Let’s define a few functions to make our lives easier. get returns a State that, when fed some s, returns (s,s). This allows us to expose s for direct modification:

get :: State s s
get = State (\s -> (s, s))

put allows us to store a State that ignores the s passed to it later:

put :: s -> State s ()
put s = State (\_ -> ((),s))

Sometimes we want the s and not the a:

exec :: State s a -> s -> s
exec (State sa) s = snd $ sa s

At other times we want the a and not the s:

eval :: State s a -> s -> a
eval (State sa) s = fst $ sa s

With all this machinery in place, we can do this:

Prelude> exec (do i <- get; put (i+1); return ()) 0

I still couldn’t believe that this worked the first time I tried it, so let’s desugar this:

    do i <- get; put (i+1); return ()
 == get >>= \i -> put (i+1) >>= \_ -> pure ()
 == State (\s -> (s, s))    >>= \i ->
    State (\_ -> ((), i+1)) >>= \_ ->
    State (\s -> ((), s))

Let’s simplify from the bottom up. By the definition of (>>=):

    (>>=) (State (\_ -> ((), i+1))) (\_ -> (State (\s -> ((), s)))) =
      State (\s0 -> let (a, s1)  = (\_ -> ((), i+1)) s0
                     -- (a, s1)  = ((), i+1)
                        State sb = (\_ -> (State (\s -> ((), s)))) a
                     --       sb = (\s -> ((), s))
                    in sb s1)
                     -- ((), i+1)
== State (\s0 -> ((), i+1))
== State (\_  -> ((), i+1))

Plugging that back in, we have

State (\s -> (s,s)) >>= \i -> State (\_ -> ((), i+1))
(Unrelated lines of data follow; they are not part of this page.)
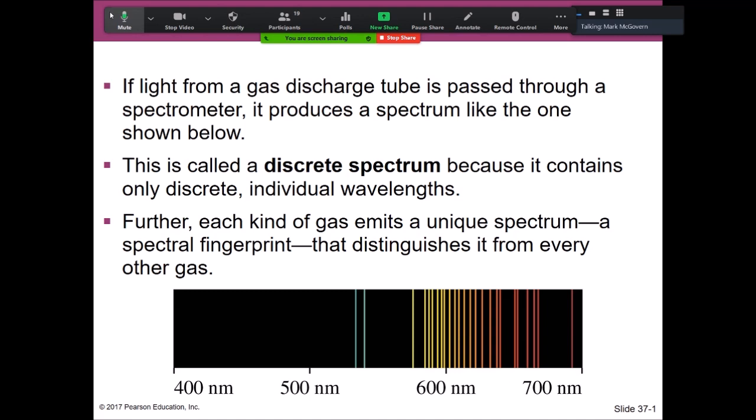Discrete spectra are very easily seen if you have some kind of discharge tube. We have labs on campus where we take different gases placed in low-pressure tubes, run an electrical current through the gas, which excites the atoms and produces the spectrum. Every gas has a unique set of spectral lines.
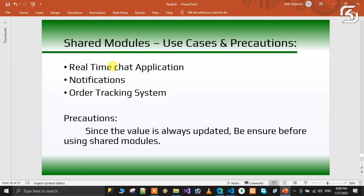We are expecting some value but getting some other value. That means we are trying to find the wrong user. Use shared modules carefully — only where you need to share the same memory instance — otherwise you may get wrong results.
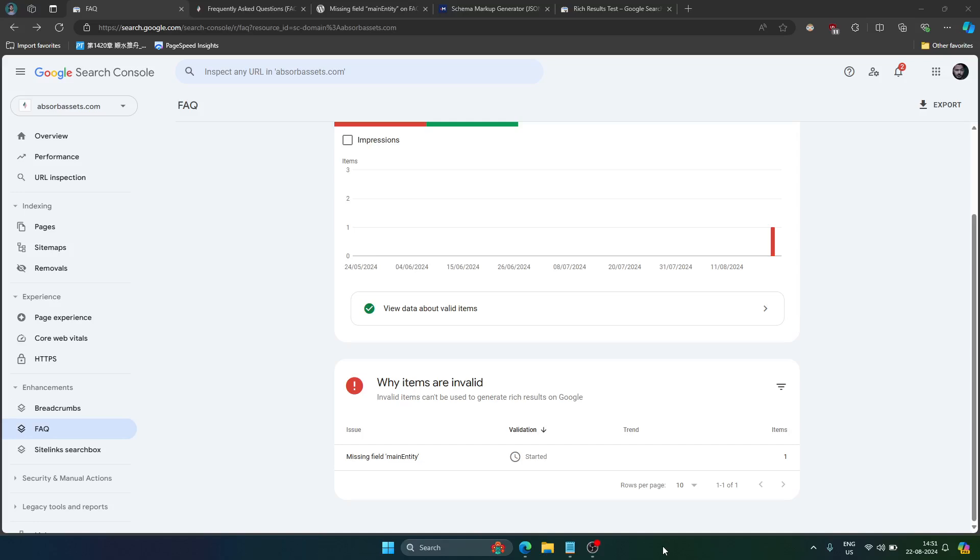Hello and welcome. In this video I'm going to tell you how you can fix missing field main entity if you are using WordPress, Yoast SEO plugin.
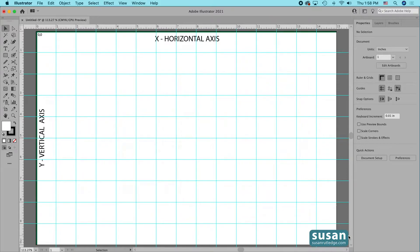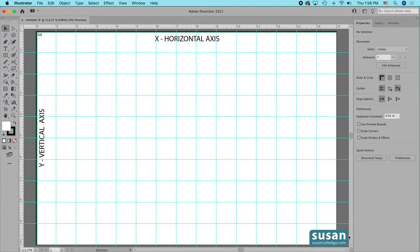Hi, I'm Susan Rutledge and in this video I'm going to show you how you can mathematically place any object or text box on your artboard in Adobe Illustrator. This is extremely helpful when you're working on a layout and objects or photographs or text need to be placed in a specific location or when they need to be an exact distance from one another.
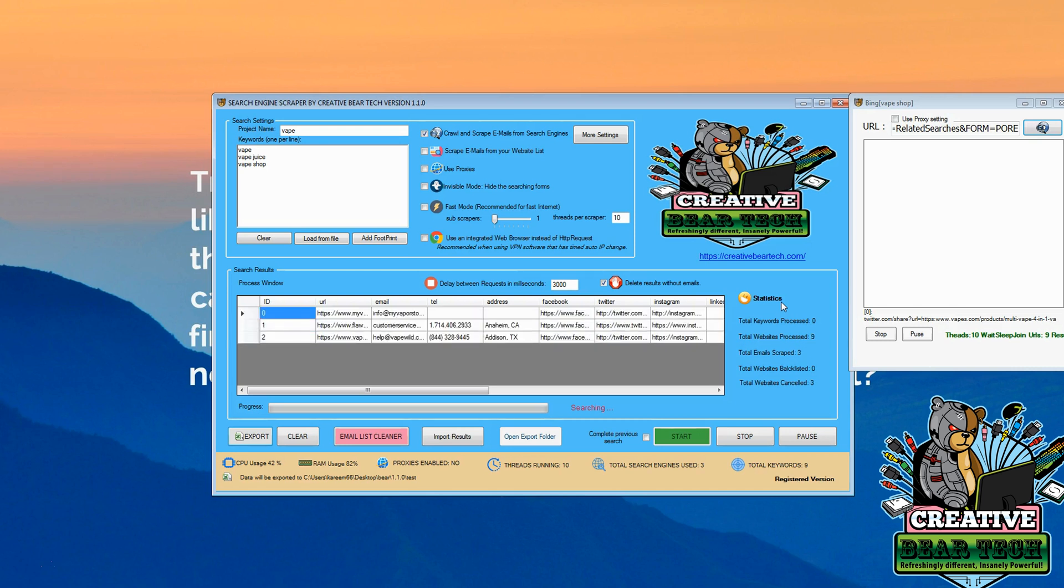And we can see a few results are coming in here. We can see the emails, telephone numbers, different social media that we can contact: Facebook, Twitter, Instagram.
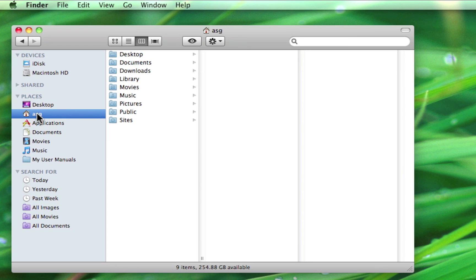In part two of our discussion of the finder, we'll be taking a look at the view toolbar as well as how to use the finder's built-in search capabilities to quickly find our files and folders.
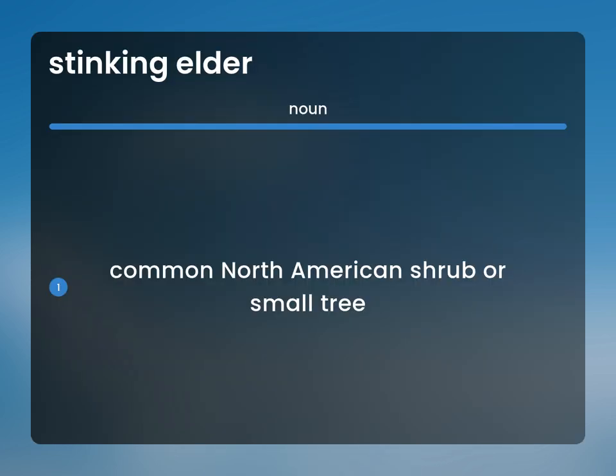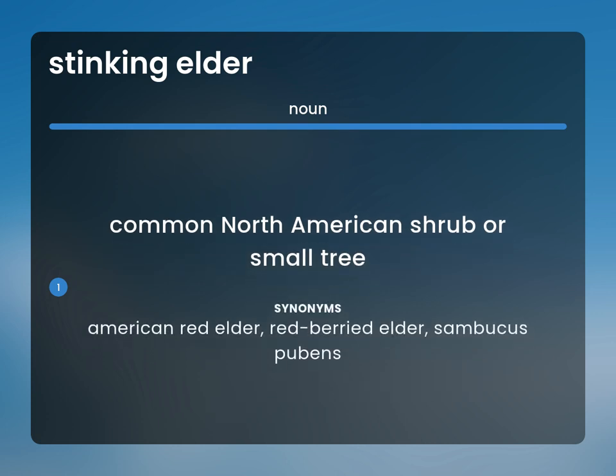Common North American Shrub or Small Tree. American Red Elder. Red Buried Elder. Sambucus Pubens.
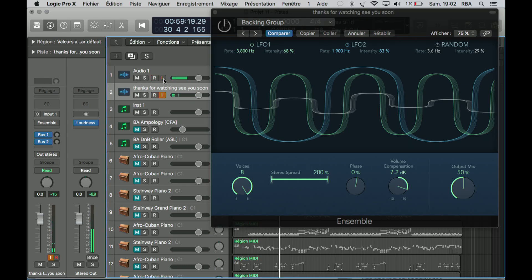As you have seen, you can do a lot of different things with LFO 1, LFO 2, and the randoms. This is the kind of effect you can use on a part — for example, on a lead during the break, making a rise or something like that. You can add voices, you have the stereo spread to widen the signal, and you also have the phase and volume compensation and the output mix.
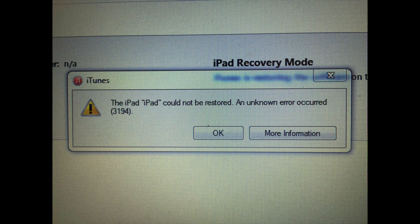The way you put it into restore mode is you power it off, hold down the home button while plugging in the cable into iTunes, and hold down the home button until you see the icon with the iTunes logo and a cable. Then it says do you want to restore this device — go ahead.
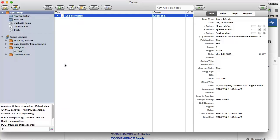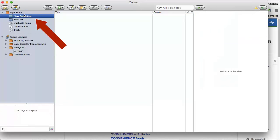As you're searching for articles in different library databases, you can use Zotero to automatically save references for you. Before you start, open Zotero — either the application within Firefox or the standalone application — and highlight the collection or group where you want your references to be saved. Then you can start searching for articles.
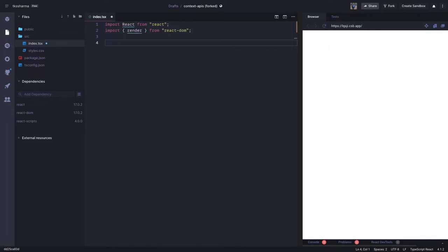Hi everyone, welcome back to my playlist where I'm covering React and TypeScript. In this video we are going to talk about Context APIs — how to write Context APIs with React TypeScript.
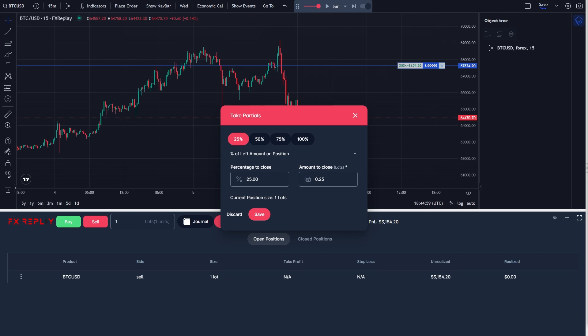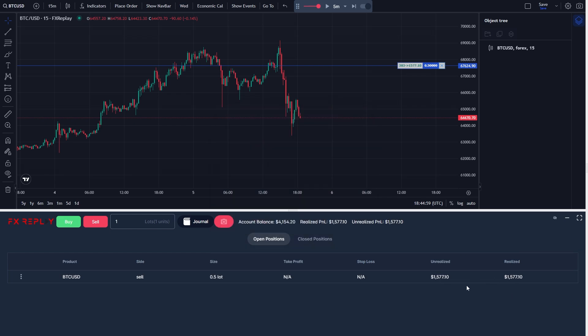From there, we can choose or type the percentage we want to close. I'm just going to click 50% and then click save. And as you can see, we've now taken 50% of our profit because $1,500 is realized and $1,500 is unrealized.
Which we can simplify in the same way:

    (>>=) (State (\s -> (s,s))) (\i -> State (\_ -> ((), i+1))) =
      State (\s0 -> let (a, s1)  = (\s -> (s,s)) s0
                     -- (a, s1)  = (s0, s0)
                        State sb = (\i -> State (\_ -> ((), i+1))) a
                     --       sb = (\_ -> ((), s0+1))
                    in sb s1)
                     -- ((), s0+1)
 == State (\s0 -> ((), s0+1))
 == State (\i  -> ((), i+1))

Finally, we have

    exec (State (\i -> ((), i+1))) 0
 == snd $ runState (State (\i -> ((), i+1))) 0
 == snd $ (\i -> ((), i+1)) 0
 == snd $ ((), 1)
 == 1

This is my favourite thing about Haskell: the fact that it is built on abstractions that can be reasoned about in such a rigorous manner.

In fact, with some inspired renaming, you too could have invented the continuation monad.